SENJA TEMARAM. Sukendar tak henti-hentinya meneteskan air mata. Betapa berat cobaan yang menimpa keluarganya. Pikiran dan perasaanya terus dihantui kecemasan yang luar biasa.
“Tuhan tolong saya, apa yang mesti aku lakukan” Mulut Sukendar terus berdoa, setelah ia mengerjakan sholat malam. Sukendar menangis sesunggukan, diatas sajadah. Ia terus memohon ampun, atas segala yang ia lakukan. Apapun akan ia lakukan asal istri tercintanya sembuh.
“Besuk boleh pulang” Ucap istrinya, dengan senyum mengembang
“Infus di tanganmu belum dicopot” Kata Sukendar, sambil menggendong putri satu-satunya.
“Ini infus terakhir, nanti malam kalau habis akan di copot” Ucap istrinya, sambil mencium gadis berumur 6 tahun itu.
Sukendar haru melihat, istrinya yang begitu bahagia. Betapa istrinya sangat kangen bercanda dengan putri satu-satunya itu.
SIANG MENJELANG. Sukendar dan putrinya berangkat ke Rumah Sakit. Setelah membereskan seluruh urusan administrasi, akhirnya istrinya keluar dari Rumah sakit. Ada kebahagiaan yang memancar dari wajah istrinya, sepanjang lorong Rumah Sakit. Apalagi Mentari putrinya, minta pangku di kursi roda tempatnya duduk yang didorong perawat jaga.
“Sudah sehat to nduk” Ucap Mbah Darmo, ketika istrinya sudah sampai rumah.
“Nggih lumayan Mbah” Jawab istri Sukendar, pelan
“ Yang penting jangan terlalu capek” Sela Bude Darmi
‘Iya, harus banyak istirahat” Ucap, perempuan yang duduk di sudut ruang
SENJA MERANGKAK. Sukendar mencuci dan istrinya sudah tidur siang setalah kecapaian menemui sedulur-sedulur yang datang.

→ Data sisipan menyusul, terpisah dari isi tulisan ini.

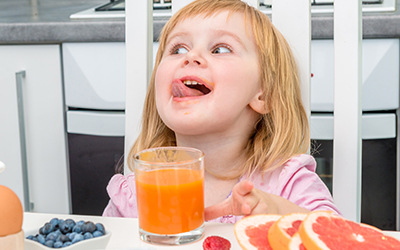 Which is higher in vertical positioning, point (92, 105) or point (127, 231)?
point (92, 105)

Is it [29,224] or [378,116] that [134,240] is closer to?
[29,224]

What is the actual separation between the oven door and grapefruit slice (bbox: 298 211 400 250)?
33.0 inches

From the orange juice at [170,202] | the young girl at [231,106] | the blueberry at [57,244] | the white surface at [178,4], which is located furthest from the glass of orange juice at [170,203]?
the white surface at [178,4]

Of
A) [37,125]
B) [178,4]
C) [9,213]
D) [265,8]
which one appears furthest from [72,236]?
[265,8]

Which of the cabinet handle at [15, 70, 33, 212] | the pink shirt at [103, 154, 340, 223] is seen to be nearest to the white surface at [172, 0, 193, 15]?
the pink shirt at [103, 154, 340, 223]

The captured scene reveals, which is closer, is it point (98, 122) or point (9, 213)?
point (9, 213)

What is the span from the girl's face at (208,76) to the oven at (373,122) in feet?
1.34

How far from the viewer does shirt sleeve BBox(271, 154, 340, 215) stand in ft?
2.64

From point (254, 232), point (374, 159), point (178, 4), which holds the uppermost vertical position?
point (178, 4)

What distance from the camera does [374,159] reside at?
1262 mm

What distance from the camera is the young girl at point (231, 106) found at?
0.81 meters

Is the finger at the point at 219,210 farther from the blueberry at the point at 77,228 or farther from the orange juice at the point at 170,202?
the blueberry at the point at 77,228

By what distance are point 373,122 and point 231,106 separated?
0.60 m

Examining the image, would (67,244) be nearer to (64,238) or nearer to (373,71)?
(64,238) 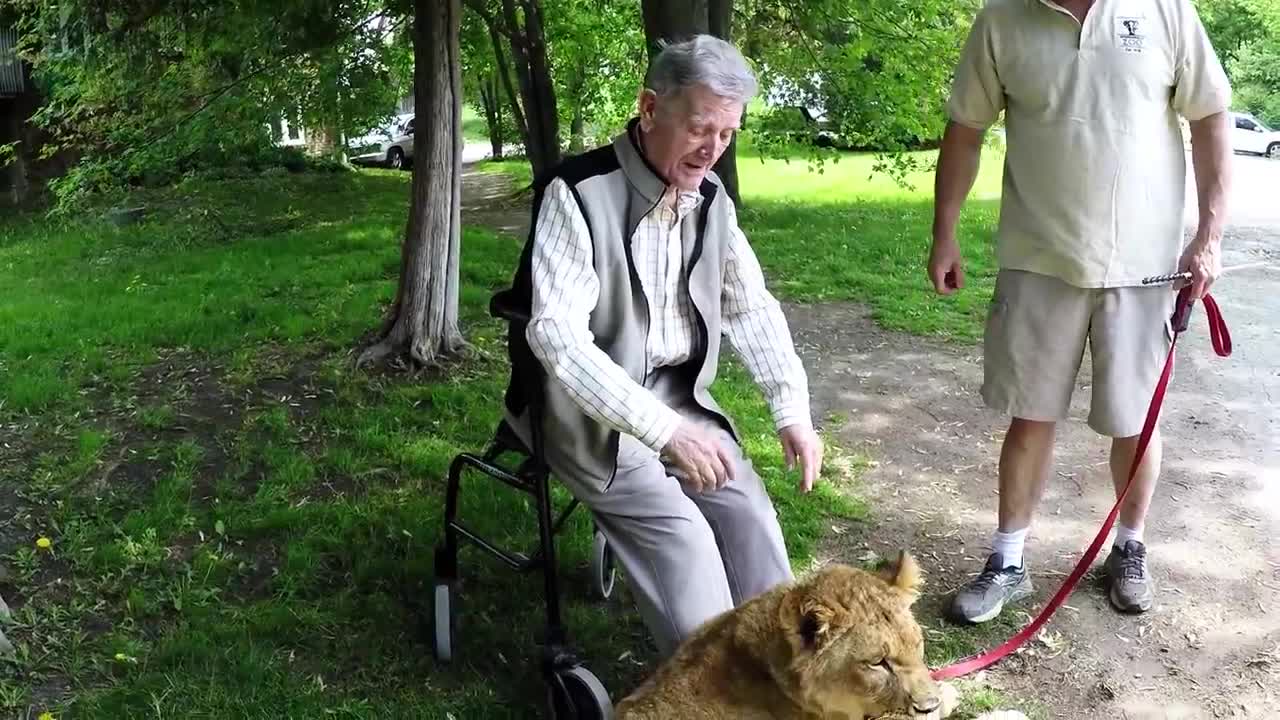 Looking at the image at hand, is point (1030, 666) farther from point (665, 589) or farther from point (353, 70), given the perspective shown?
point (353, 70)

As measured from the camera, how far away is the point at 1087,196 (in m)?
3.22

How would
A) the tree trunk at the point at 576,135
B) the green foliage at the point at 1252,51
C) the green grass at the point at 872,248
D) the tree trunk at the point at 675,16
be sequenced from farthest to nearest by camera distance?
the green foliage at the point at 1252,51, the tree trunk at the point at 576,135, the tree trunk at the point at 675,16, the green grass at the point at 872,248

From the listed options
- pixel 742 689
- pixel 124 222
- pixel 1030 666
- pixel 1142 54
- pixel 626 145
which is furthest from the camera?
pixel 124 222

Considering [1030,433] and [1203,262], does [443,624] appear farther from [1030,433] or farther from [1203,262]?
[1203,262]

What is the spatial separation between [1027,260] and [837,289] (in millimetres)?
5299

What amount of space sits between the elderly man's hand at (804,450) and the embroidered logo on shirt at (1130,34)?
58.2 inches

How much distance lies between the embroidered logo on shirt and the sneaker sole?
178cm

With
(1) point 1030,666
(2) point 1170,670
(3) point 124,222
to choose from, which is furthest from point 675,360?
(3) point 124,222

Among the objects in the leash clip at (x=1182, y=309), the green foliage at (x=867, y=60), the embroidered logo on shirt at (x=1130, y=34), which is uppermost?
the green foliage at (x=867, y=60)

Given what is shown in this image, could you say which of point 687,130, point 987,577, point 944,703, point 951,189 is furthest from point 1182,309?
point 687,130

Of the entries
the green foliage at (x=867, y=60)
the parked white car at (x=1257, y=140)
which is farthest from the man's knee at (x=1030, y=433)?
the parked white car at (x=1257, y=140)

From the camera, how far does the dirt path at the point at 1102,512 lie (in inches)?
127

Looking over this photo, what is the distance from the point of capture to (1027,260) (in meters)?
3.38

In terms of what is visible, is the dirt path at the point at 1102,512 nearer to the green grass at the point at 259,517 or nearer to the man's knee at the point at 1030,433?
the green grass at the point at 259,517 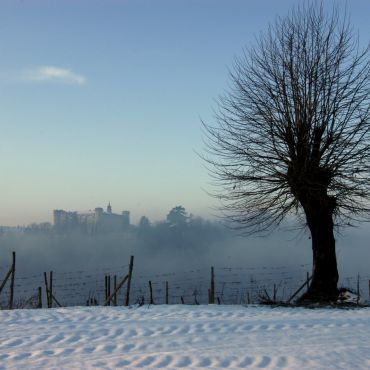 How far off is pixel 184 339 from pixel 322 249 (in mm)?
8277

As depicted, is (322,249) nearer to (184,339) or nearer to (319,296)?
(319,296)

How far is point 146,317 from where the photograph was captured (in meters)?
11.7

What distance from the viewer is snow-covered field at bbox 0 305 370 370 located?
7.70m

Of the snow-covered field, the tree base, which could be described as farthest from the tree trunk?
the snow-covered field

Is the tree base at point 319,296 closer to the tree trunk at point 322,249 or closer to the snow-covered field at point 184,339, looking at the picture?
the tree trunk at point 322,249

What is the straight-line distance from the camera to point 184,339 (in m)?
9.19

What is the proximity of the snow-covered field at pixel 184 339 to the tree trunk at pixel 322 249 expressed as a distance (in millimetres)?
3068

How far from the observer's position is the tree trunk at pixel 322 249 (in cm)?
1589

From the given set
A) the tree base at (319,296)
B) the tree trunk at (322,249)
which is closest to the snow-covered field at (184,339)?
the tree base at (319,296)

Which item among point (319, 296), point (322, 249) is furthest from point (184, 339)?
point (322, 249)

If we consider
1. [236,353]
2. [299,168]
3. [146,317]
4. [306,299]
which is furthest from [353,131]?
[236,353]

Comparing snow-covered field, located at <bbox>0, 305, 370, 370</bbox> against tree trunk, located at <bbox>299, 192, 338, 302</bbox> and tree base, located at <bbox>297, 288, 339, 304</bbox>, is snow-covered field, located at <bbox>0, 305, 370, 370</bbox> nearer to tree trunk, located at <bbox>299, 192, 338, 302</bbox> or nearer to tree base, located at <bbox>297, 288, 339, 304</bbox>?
tree base, located at <bbox>297, 288, 339, 304</bbox>

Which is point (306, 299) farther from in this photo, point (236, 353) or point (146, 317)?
point (236, 353)

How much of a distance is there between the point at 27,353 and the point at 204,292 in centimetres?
1194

“Aku mau dimandikan di kamar atau di kamar mandi” Tanya istrinya, ketika Sukendar masuk ke kamar
“Kamar Mandi” Jawab Sukendar, sambil memberikan handuk pada istrinya. Cahyo keluar untuk mempersiapkan air hangat.
“Buk!!” Terdengar suara benda jatuh dari kamar. Cahyo segara melompat lari masuk kamar.

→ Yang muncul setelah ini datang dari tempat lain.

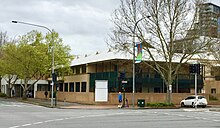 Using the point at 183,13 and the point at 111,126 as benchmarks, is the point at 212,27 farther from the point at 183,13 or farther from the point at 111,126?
the point at 111,126

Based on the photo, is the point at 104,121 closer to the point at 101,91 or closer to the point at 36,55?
the point at 101,91

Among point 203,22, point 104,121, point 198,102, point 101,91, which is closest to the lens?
point 104,121

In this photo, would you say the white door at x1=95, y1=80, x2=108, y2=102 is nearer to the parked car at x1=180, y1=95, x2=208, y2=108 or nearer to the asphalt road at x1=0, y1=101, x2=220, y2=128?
the parked car at x1=180, y1=95, x2=208, y2=108

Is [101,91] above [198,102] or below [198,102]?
above

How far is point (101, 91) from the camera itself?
44.0 m

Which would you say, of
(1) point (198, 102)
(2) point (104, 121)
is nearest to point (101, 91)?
(1) point (198, 102)

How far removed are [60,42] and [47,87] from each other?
26260 millimetres

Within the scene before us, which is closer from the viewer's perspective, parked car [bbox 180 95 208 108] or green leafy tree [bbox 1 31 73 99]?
parked car [bbox 180 95 208 108]

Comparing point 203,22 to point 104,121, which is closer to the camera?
point 104,121

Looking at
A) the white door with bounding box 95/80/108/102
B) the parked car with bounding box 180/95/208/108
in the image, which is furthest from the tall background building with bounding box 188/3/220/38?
the white door with bounding box 95/80/108/102

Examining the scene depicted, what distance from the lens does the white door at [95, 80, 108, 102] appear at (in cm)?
4356

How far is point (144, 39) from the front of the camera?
42.3 metres

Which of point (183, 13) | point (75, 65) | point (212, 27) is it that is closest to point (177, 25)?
point (183, 13)

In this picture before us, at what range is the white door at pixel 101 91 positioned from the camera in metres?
43.6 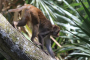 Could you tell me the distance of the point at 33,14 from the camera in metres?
3.45

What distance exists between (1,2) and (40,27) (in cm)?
136

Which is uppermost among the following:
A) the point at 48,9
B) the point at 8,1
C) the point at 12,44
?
the point at 8,1

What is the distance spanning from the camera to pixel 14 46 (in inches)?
60.0

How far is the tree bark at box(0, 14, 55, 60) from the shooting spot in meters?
1.50

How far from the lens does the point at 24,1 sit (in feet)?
14.4

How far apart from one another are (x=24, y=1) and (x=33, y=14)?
111cm

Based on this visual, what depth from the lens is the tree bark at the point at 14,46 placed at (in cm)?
150

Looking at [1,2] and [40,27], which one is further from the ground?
[1,2]

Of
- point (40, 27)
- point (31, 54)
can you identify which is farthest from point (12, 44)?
point (40, 27)

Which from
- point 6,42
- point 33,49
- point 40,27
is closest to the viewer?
point 6,42

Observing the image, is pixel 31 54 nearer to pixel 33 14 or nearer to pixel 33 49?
pixel 33 49

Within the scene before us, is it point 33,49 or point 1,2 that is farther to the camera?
point 1,2

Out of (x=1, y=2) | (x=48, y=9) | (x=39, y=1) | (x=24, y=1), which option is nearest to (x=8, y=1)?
(x=1, y=2)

“Astagfirulaahal’ Azhiim!!!!!” Sukendar terus merangkul istrinya yang terjatuh dari tempat tidur. Kepanikan Sukendar semakin bertambah ketika istrinya lunglai tak berdaya. Sukendar terus menyebut asma Allah, mohon perlindungan dan mohon ampun. Sukendar terus teriak-teriak histeris, ketika degup jantung istrinya tiba-tiba berhenti. Ia terus mencoba menolong istrinya dengan memberi bantuan pernafasan.

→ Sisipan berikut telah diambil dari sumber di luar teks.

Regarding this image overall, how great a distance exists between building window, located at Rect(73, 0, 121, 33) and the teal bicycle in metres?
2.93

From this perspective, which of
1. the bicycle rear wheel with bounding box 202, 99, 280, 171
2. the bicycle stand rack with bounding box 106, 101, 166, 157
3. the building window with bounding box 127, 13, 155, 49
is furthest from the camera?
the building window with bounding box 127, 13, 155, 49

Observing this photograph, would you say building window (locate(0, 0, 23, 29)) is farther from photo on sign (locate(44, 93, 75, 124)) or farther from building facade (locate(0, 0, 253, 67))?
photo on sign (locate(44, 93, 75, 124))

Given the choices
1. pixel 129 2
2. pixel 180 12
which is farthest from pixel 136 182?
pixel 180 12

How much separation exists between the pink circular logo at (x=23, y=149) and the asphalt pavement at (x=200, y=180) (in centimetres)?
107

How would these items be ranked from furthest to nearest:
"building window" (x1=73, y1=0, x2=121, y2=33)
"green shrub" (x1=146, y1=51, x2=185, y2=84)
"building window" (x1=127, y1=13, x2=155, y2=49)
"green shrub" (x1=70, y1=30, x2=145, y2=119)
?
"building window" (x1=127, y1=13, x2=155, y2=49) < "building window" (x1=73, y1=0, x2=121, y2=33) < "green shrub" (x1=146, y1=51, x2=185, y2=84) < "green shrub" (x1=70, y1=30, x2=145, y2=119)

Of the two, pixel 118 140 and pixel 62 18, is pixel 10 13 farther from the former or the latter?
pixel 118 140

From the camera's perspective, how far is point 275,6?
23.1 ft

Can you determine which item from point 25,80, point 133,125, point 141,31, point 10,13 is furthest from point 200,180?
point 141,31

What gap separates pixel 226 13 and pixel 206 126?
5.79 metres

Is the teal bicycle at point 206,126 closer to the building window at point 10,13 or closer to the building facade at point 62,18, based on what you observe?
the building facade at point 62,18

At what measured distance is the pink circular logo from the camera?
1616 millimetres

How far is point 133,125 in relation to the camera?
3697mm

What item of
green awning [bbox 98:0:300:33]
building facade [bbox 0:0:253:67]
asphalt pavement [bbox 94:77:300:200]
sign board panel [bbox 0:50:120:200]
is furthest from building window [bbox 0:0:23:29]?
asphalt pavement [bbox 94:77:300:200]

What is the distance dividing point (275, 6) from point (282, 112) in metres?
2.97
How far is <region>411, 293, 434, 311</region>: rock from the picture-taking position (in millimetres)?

“ Ya Allah, tolong istri saya!!! Astagfirulaahal’ Azhim!!” Sukendar terus mencoba menolong istrinya. Senja itu, Istrinya segera di larikan ke Rumah sakit. Namun Allah telah memanggilnya, Allah telah meminta kembali istrinya.
SENJA BERGERAK PELAN. Menaburkan berjuta-juta kepiluan. Angin berhembus, menebarkan duka yang luka. Sukendar terduduk lesu, memandang Pusara perempuan yang selama ini, menjadi pendaping hidupnya. Mulut Sukendar terus berzikir.
“Pak sudah selesai berdoanya?” Ucap Mentari, sambil berdiri di samping Sukendar.
Sukendar hanya mampu menggangguk, sambil mencium kedua pipi putrinya.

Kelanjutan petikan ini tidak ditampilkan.